Une raison d’être à étayer 

« Le dossier évoque le souhait de la population d’une extension de la piste ou la réalisation d’une nouvelle piste, ce qui paraît être un raccourci un peu rapide. La population semble en effet faire un lien entre ces aménagements et la baisse des prix des billets d’avion (a priori pour les liaisons avec la métropole sans que cela soit très explicite).
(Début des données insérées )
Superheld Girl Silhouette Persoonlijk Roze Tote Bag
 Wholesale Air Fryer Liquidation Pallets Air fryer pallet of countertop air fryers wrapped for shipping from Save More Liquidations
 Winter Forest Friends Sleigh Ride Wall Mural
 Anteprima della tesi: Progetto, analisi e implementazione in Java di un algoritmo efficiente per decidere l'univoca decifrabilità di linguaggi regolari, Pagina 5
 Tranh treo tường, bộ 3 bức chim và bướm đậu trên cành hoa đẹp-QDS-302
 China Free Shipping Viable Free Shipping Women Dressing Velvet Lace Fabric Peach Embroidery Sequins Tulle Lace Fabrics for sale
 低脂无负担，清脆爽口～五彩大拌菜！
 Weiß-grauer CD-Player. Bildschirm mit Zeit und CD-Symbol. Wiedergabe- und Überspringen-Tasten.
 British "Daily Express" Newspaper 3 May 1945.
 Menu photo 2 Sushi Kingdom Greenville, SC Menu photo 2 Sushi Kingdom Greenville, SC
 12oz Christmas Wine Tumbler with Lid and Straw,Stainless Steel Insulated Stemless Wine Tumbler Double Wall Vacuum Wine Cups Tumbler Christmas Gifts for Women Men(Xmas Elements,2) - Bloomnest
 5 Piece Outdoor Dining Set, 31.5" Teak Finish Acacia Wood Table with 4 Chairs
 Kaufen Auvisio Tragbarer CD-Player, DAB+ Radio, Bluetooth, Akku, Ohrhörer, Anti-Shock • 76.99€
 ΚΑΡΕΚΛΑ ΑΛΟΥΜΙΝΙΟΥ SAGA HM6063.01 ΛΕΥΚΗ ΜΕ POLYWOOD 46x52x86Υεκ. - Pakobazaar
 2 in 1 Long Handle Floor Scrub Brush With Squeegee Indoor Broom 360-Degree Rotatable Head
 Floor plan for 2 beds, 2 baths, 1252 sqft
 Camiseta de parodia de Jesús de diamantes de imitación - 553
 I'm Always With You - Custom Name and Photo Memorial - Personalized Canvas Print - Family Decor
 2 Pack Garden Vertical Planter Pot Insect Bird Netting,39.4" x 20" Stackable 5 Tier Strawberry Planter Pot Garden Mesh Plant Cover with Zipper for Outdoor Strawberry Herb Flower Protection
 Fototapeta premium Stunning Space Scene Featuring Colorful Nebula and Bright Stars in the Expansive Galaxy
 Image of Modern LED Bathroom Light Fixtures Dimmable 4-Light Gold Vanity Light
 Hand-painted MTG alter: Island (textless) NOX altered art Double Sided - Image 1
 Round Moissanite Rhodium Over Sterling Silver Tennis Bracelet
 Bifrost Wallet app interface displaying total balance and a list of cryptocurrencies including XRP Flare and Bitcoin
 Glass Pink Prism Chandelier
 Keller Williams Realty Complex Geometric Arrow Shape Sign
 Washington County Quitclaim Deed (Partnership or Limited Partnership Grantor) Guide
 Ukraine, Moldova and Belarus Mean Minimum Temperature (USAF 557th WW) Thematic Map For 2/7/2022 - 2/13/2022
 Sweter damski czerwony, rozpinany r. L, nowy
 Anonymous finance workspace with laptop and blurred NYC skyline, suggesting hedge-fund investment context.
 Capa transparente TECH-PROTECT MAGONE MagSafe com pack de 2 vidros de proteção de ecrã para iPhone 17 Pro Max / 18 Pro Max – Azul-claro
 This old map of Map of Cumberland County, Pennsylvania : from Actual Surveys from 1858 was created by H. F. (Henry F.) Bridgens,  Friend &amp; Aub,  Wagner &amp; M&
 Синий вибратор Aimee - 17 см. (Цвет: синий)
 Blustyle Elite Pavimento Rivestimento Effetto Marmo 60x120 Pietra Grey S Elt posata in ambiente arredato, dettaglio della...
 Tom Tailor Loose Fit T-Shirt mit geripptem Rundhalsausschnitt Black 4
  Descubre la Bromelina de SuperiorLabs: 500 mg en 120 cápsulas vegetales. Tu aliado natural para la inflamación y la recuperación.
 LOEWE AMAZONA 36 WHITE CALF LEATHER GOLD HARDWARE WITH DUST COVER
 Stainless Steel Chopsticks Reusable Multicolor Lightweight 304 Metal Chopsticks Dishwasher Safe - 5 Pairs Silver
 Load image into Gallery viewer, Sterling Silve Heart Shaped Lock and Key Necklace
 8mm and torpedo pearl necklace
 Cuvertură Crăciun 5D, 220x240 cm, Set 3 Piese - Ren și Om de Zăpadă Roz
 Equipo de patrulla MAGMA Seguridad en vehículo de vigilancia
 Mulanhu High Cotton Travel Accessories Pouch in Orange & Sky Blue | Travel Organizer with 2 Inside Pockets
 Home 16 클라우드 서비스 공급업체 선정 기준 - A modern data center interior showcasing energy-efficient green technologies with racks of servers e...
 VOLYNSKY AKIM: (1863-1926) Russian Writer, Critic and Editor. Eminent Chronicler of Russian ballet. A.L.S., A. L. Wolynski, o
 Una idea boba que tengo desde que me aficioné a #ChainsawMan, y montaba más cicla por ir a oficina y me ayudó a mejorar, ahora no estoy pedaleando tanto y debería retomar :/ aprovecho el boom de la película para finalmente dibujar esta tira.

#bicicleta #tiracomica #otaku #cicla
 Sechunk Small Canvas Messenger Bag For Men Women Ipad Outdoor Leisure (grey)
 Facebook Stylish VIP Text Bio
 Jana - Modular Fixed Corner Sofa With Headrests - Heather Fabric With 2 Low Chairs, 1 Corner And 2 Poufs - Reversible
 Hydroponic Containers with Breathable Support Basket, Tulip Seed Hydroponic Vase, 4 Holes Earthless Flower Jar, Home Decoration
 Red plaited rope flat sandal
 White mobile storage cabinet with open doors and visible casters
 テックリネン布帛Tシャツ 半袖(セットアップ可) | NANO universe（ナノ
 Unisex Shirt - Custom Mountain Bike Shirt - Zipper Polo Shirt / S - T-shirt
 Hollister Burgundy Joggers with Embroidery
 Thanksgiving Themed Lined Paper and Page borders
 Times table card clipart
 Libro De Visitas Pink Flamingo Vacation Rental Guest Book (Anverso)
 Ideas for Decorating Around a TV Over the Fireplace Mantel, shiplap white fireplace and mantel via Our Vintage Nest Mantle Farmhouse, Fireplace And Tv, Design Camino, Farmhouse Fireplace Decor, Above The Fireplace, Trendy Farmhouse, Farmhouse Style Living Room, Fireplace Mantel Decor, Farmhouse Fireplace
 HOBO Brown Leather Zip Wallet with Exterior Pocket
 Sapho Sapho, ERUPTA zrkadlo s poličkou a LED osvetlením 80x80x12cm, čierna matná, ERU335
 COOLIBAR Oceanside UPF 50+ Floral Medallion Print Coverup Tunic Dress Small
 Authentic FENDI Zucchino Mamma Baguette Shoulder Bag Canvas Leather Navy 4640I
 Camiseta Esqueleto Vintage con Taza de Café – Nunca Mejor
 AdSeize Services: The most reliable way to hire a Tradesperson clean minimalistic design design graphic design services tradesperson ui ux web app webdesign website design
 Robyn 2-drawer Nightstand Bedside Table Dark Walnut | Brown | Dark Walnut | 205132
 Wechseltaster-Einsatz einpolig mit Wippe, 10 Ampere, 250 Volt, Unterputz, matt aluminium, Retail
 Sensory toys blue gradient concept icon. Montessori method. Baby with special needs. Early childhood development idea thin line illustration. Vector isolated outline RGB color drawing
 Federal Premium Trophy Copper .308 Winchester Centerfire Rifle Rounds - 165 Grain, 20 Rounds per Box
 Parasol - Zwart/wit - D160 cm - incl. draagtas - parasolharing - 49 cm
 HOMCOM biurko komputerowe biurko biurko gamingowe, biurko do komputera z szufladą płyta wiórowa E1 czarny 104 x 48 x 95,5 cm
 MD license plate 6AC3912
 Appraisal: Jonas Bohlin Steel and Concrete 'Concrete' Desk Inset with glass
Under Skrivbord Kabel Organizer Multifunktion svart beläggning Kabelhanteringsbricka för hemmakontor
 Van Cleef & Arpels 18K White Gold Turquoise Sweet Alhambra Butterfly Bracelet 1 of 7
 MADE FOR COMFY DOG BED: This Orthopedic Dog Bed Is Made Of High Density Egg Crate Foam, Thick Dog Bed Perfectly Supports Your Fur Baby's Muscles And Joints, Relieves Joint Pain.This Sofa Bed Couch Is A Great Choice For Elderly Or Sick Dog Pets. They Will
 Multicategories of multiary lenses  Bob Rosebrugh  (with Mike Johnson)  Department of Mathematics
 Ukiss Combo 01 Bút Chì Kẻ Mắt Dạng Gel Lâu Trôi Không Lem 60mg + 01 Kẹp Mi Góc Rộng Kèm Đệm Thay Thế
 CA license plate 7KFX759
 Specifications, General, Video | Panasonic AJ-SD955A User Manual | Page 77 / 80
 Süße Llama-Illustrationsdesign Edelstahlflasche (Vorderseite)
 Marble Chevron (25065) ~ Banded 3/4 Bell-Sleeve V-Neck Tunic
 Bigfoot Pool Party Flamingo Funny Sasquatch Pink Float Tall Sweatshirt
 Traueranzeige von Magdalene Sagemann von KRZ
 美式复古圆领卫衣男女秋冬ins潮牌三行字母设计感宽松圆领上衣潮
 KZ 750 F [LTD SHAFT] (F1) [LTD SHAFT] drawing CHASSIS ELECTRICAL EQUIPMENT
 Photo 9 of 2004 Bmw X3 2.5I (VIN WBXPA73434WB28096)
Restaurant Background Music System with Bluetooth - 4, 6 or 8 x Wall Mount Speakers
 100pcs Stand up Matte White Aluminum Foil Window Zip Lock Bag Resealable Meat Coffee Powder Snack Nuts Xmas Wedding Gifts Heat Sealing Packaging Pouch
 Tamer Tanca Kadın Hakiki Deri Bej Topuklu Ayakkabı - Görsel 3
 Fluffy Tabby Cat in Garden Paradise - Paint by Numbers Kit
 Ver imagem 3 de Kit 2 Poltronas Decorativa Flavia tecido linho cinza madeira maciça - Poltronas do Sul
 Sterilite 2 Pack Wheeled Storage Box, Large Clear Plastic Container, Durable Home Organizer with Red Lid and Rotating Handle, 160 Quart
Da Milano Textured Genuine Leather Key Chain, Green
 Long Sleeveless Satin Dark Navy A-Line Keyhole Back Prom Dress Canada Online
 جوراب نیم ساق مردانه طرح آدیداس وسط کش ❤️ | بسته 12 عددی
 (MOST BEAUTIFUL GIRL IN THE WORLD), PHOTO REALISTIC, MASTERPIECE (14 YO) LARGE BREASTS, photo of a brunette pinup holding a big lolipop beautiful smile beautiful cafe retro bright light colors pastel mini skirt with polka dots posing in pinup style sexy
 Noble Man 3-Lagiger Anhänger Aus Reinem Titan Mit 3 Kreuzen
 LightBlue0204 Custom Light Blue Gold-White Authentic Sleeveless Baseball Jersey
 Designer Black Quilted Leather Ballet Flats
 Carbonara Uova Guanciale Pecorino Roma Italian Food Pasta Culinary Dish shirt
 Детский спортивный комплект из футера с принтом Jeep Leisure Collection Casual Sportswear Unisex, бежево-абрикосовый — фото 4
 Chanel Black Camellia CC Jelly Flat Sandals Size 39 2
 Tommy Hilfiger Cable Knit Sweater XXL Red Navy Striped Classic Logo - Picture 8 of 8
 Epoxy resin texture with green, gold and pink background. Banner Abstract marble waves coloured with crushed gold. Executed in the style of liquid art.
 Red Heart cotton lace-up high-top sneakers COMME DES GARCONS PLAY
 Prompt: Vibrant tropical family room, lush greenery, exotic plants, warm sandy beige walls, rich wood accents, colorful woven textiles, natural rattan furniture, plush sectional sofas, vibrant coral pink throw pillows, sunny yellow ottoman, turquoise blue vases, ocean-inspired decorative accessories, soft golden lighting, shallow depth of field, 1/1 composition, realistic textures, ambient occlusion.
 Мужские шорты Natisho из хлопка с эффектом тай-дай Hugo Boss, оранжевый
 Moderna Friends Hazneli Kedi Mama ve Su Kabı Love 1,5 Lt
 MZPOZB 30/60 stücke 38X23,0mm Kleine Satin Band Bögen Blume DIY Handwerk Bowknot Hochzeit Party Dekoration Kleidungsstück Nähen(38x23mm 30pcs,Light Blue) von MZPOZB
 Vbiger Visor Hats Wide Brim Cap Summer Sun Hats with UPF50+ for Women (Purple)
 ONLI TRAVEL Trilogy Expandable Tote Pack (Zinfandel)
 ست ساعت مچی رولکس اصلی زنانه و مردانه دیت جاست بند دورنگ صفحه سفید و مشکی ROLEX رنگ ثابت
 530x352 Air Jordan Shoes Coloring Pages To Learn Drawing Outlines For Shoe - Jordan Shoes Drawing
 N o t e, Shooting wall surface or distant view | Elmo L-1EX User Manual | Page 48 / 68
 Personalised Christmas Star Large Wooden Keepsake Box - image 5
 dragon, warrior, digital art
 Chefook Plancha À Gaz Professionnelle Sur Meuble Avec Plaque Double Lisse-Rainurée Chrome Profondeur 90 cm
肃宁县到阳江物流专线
Le dossier (que ce soit celui du débat public de 2011 ou la note de présentation de 2020) n’apporte cependant pas de démonstration du lien existant entre les deux ».

La conclusion est sans appel : « En l’absence de qualification claire du besoin auquel il est supposé répondre, sa capacité à y répondre, tel que présenté, n’est pas avérée. » Et l’autorité environnementale de développer un contre-argumentaire, montrant que l’évolution du trafic aérien, de la demande, comme de la technologie des avions pourrait permettre de satisfaire les attentes du territoire en elle-même, sans nécessairement recourir au projet.

Un satisfecit sera tout de même à relever dans ce rapport. Les auteurs du document de cadrage semblent être suffisamment alertes quant aux risques liés au phénomène sismo-volcanique et à l’enfoncement de l’île. Satisfaction à relativiser car « la jeunesse du phénomène ne permet pas d’être assuré de ce qui ne reste à ce jour qu’une hypothèse », rappelle l’autorité administrative quant à ce projet encore loin d’un décollage serein.